All of a sudden the sweet, girly ballerina in me has reared her slicked-back bun head and loves everything soft, frilly and feminine. The more bows the better. I’ve been doing a pretty solid job of keeping these urges under control, but every so often I can barely believe what I’m thinking.
When it comes to dresses I was certain I wanted a very slim fitting sheath dress. So in the beginning that’s all I looked at and tried on. Of course, that was until I found myself standing in a dress made entirely of tutu-fabric tulle at Jenny Yoo, twirling on top of the pedestal. I went back and tried on this number three different times.
Although I didn’t buy that dress (or one made of tulle…) let’s just say I didn’t end up with the slim-fitting lace dress I was sure I would get either. No, not even close. For some reason when I tried on those dresses I felt like I was wearing a beautiful white dress, but I didn’t feel like a bride. Because apparently I need to feel like a ballerina to feel like a bride.
There’s no explaining bridal brain.
When I put on the dress I ended up buying I did so certain that I would de-pouf it in alterations by at least several layers. But lately? I’m thinking about keeping every last layer of dreamy, cloud-like fluff in there. Bun head strikes again!
Now let’s talk shoes. This is where my inner ballerina really shines. Any time I see the words “ballet slippers” I can practically feel the four swans prancing across my frontal lobe. Sparkles make my heart race. And oh, those bows! Of course it’s become abundantly clear to me that I’m not the only bride to ever have ballerina fantasies for her big day. Just check out some of these adorable ballet-like slippers I’ve recently considered:
Are you kidding me with those straps?
Sparkles and bows!
Last Friday I even swung by the BHLDN store on Oak St. here in Chicago and tried on some adorable shoes. I haven’t committed to these, but they would certainly take care of that something blue…
The good news is so far the ballerina magnet is only at full force when it comes to my attire. (Besides shoes the next big decision is finding a sash for my dress. Say hello to satin and sparkles!) Fortunately, this quasi-obsession hasn’t driven me to want every surface of our venue encrusted in florals and crystals.

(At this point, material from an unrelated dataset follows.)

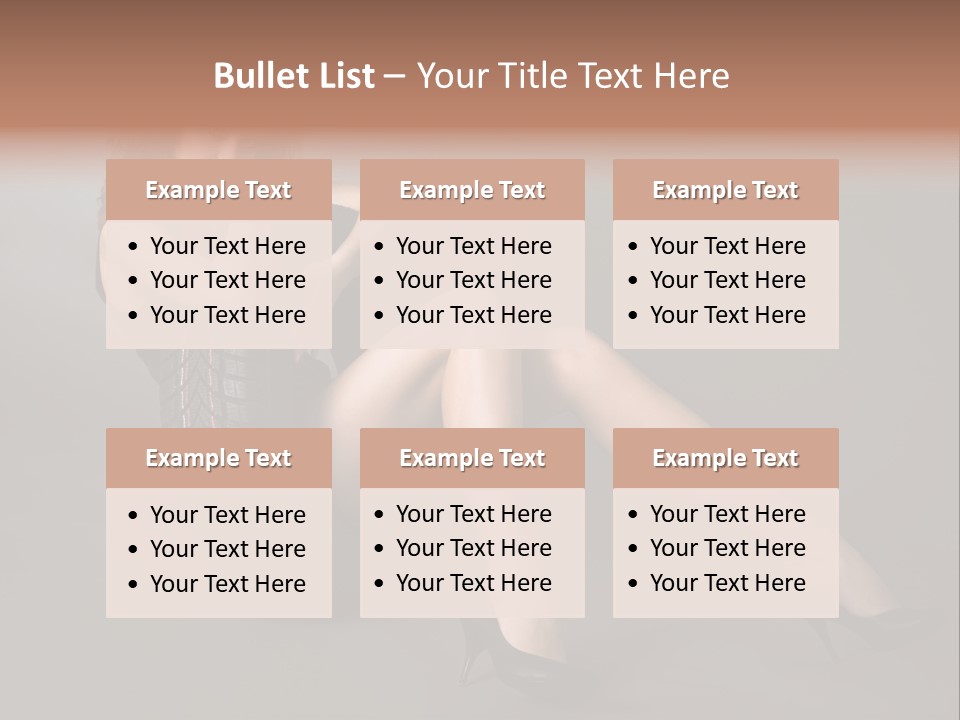 Human Boardroom Humor PowerPoint Template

I know my sister will be the first person to make sure my hair isn’t so slicked back that my eyebrows are perma-raised like they were when I was a dancer. (Don’t worry, L, I’m going for soft.) And the truth is I’ve only jokingly considered wearing a tiara, but only because Kate Middleton did.
Thankfully, I realize there’s only room in this wedding for fulfilling one of my fantasies and, well, the Sugar Plum fairy will always triumph over Princess Kate.